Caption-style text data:
#####
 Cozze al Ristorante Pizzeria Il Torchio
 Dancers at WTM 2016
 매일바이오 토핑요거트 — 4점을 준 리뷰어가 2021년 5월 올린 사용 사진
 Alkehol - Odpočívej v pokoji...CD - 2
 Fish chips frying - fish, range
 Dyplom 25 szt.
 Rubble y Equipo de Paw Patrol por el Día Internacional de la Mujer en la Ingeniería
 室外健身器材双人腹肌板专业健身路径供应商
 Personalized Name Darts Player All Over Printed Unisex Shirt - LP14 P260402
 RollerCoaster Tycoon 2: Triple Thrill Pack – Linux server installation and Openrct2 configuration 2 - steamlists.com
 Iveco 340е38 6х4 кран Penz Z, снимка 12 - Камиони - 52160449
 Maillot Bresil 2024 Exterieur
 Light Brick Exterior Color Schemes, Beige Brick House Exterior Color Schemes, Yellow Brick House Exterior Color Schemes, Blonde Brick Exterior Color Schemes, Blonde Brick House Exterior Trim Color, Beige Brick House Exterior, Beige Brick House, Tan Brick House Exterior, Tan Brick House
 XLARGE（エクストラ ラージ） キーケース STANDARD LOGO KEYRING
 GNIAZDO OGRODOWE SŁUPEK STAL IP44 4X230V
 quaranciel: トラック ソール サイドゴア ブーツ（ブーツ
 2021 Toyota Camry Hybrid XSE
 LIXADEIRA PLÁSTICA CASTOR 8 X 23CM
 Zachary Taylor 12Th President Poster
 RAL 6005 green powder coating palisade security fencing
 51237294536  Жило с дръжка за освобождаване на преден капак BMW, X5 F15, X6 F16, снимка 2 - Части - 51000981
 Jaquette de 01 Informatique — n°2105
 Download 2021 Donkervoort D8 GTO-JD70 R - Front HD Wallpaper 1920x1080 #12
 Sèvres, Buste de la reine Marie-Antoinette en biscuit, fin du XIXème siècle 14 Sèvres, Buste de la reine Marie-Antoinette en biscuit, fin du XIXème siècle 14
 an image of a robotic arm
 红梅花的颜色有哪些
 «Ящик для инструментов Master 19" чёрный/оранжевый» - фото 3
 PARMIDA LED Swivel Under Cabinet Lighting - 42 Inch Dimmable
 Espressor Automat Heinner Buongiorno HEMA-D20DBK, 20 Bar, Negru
#####
:: What you will do ::
Copy every line from the records that holds the string "снимка".

:: Answer to the problem ::
 Iveco 340е38 6х4 кран Penz Z, снимка 12 - Камиони - 52160449
 51237294536  Жило с дръжка за освобождаване на преден капак BMW, X5 F15, X6 F16, снимка 2 - Части - 51000981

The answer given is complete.